The biosynthetic phase, also known as the light-independent reactions or Calvin cycle, is the second major stage of photosynthesis where carbon dioxide is converted into sugars. This process occurs in the stroma of chloroplasts and is indirectly dependent on light, as it utilizes the ATP (energy currency) and NADPH (reducing power) generated during the light-dependent reactions.

The Calvin cycle involves three main steps: carboxylation, reduction, and regeneration. In carboxylation, $CO_2$ is fixed by RuBP, catalyzed by the enzyme RuBisCO, forming 3-PGA. In the reduction phase, 3-PGA is converted to glyceraldehyde-3-phosphate (G3P) using ATP and NADPH.

Finally, the regeneration phase uses ATP to convert most of the G3P back into RuBP, ensuring the cycle continues. For one molecule of glucose, 6 turns of the Calvin cycle are required, consuming 18 ATP and 12 NADPH.
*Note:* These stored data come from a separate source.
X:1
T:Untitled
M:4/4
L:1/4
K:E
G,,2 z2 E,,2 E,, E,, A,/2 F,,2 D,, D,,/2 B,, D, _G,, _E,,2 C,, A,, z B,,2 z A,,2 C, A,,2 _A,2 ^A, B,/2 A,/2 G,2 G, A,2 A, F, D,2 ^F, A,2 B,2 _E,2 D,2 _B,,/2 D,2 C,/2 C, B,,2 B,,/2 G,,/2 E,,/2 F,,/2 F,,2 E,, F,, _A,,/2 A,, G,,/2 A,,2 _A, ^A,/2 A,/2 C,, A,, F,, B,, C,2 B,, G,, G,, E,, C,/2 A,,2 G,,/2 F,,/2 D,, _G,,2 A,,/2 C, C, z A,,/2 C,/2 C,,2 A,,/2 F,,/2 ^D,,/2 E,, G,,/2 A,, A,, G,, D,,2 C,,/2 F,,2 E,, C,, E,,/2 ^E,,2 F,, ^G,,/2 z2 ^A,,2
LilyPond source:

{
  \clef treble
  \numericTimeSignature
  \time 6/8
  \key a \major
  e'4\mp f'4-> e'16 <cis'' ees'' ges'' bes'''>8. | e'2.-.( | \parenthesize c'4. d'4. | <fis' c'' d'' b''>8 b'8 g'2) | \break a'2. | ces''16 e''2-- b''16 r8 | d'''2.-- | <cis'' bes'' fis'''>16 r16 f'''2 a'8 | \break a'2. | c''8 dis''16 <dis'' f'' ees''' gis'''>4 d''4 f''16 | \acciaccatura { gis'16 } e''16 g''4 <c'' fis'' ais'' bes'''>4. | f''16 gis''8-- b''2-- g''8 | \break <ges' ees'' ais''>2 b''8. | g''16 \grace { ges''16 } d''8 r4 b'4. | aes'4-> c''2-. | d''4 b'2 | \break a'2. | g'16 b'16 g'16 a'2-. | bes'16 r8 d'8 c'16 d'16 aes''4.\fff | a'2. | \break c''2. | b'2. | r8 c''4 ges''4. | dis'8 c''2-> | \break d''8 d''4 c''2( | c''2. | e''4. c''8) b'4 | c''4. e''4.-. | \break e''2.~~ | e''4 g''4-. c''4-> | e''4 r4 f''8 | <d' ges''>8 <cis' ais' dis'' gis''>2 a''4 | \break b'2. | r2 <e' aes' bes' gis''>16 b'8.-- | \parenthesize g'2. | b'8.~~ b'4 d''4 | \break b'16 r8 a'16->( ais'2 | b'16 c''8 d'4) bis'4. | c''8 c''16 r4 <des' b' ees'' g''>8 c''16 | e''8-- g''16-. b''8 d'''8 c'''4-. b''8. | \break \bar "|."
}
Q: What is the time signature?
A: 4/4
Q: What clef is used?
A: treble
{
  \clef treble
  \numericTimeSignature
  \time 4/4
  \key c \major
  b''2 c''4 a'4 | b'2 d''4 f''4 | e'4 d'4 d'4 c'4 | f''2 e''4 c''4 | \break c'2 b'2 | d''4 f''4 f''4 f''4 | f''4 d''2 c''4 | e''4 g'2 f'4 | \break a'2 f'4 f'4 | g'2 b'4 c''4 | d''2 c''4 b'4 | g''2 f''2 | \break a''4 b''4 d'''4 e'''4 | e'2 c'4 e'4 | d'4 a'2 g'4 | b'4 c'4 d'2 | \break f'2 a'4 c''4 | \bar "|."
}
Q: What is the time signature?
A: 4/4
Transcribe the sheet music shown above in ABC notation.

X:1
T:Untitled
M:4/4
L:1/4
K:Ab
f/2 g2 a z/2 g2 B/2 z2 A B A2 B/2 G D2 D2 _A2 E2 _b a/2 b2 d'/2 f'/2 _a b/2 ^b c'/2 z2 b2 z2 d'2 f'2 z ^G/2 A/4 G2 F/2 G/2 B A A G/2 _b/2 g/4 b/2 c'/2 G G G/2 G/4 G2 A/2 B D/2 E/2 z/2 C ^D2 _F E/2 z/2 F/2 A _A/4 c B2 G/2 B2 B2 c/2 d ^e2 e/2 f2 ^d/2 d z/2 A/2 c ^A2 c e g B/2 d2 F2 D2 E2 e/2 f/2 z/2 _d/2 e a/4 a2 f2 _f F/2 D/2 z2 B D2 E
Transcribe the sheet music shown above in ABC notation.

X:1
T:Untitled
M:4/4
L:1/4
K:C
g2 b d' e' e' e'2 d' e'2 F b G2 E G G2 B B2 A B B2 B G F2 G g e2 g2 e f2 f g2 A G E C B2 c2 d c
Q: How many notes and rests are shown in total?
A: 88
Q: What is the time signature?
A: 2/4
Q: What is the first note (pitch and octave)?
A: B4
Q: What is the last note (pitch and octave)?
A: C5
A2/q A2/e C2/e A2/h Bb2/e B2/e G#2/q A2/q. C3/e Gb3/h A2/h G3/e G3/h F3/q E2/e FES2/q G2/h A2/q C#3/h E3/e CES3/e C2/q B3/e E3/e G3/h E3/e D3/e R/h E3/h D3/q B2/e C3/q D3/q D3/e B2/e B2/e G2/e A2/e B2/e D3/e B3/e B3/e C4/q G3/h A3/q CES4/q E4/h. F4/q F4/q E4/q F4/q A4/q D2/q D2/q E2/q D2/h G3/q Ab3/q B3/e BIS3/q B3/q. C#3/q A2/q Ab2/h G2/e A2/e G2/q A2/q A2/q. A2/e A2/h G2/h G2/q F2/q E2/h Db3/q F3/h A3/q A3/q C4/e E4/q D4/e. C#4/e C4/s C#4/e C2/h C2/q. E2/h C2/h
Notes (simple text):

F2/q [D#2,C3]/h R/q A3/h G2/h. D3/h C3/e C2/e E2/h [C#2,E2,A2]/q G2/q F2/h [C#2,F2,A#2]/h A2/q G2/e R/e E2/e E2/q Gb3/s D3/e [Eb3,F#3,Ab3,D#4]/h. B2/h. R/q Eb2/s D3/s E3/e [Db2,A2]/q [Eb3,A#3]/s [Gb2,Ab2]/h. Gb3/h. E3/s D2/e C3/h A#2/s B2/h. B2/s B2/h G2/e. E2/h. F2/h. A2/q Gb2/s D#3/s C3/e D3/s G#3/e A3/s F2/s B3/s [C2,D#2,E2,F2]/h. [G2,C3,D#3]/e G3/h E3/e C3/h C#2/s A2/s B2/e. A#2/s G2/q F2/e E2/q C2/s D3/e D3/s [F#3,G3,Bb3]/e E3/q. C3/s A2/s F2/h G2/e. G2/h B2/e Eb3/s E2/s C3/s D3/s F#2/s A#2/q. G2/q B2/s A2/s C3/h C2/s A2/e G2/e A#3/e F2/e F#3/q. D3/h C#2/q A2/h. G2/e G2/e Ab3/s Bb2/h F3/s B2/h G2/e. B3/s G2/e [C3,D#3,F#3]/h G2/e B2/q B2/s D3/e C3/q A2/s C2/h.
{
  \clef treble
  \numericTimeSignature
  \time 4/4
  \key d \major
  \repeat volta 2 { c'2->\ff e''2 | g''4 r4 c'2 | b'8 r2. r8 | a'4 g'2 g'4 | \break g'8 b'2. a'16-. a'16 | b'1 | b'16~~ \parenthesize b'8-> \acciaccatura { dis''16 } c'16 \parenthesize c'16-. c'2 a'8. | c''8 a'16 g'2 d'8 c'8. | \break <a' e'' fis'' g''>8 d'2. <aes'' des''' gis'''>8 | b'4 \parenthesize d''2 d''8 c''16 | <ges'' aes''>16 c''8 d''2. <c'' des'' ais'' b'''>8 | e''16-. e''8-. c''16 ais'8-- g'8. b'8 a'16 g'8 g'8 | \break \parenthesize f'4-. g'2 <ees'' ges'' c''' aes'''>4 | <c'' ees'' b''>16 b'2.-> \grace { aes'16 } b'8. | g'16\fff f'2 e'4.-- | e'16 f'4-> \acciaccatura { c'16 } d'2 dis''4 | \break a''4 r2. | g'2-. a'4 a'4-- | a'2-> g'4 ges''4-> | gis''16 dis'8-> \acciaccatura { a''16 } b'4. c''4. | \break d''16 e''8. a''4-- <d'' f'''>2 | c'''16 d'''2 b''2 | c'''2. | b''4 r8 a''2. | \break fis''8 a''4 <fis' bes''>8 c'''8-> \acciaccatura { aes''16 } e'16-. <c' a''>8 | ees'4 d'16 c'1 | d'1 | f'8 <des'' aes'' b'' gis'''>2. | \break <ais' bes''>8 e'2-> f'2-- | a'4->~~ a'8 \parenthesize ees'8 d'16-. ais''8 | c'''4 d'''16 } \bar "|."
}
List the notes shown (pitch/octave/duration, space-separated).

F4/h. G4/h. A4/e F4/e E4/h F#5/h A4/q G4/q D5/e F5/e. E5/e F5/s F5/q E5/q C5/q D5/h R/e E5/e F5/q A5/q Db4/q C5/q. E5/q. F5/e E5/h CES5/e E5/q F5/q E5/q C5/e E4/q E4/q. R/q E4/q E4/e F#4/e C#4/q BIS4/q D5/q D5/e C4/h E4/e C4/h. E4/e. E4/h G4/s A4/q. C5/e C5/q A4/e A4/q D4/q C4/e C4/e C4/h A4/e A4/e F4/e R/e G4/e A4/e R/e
This phase is fundamental for producing organic food molecules and sustaining life on Earth.

Important Differences

vs C4 Pathway (Biosynthetic Phase)

Aspect	This Topic	C4 Pathway (Biosynthetic Phase)
Initial CO2 Acceptor	Ribulose-1,5-bisphosphate (RuBP)	Phosphoenolpyruvate (PEP)
Initial CO2 Fixing Enzyme	RuBisCO	PEP Carboxylase (PEPcase)
First Stable Product	3-Phosphoglyceric acid (3-PGA) (3-carbon compound)	Oxaloacetic acid (OAA) (4-carbon compound)
Site of Initial Fixation	Mesophyll cells (stroma)	Mesophyll cells (cytoplasm)
Site of Calvin Cycle	Mesophyll cells (stroma)	Bundle sheath cells (stroma)
Photorespiration	High, especially in hot and dry conditions	Negligible/Absent
ATP Requirement per Glucose	18 ATP	30 ATP (18 for Calvin cycle + 12 for C4 cycle)
NADPH Requirement per Glucose	12 NADPH	12 NADPH

The biosynthetic phase in C3 and C4 plants differs significantly in their initial carbon fixation mechanisms and anatomical adaptations. C3 plants use RuBP as the primary $CO_2$ acceptor and RuBisCO as the enzyme, leading to a 3-carbon compound (PGA). This makes them susceptible to photorespiration. C4 plants, however, employ PEP as the acceptor and PEPcase as the enzyme in mesophyll cells, forming a 4-carbon compound (OAA). This 4-carbon compound is then transported to bundle sheath cells where $CO_2$ is released and fed into the Calvin cycle. This spatial separation concentrates $CO_2$ around RuBisCO, effectively suppressing photorespiration and making C4 plants more efficient in hot, dry climates, though at a higher ATP cost.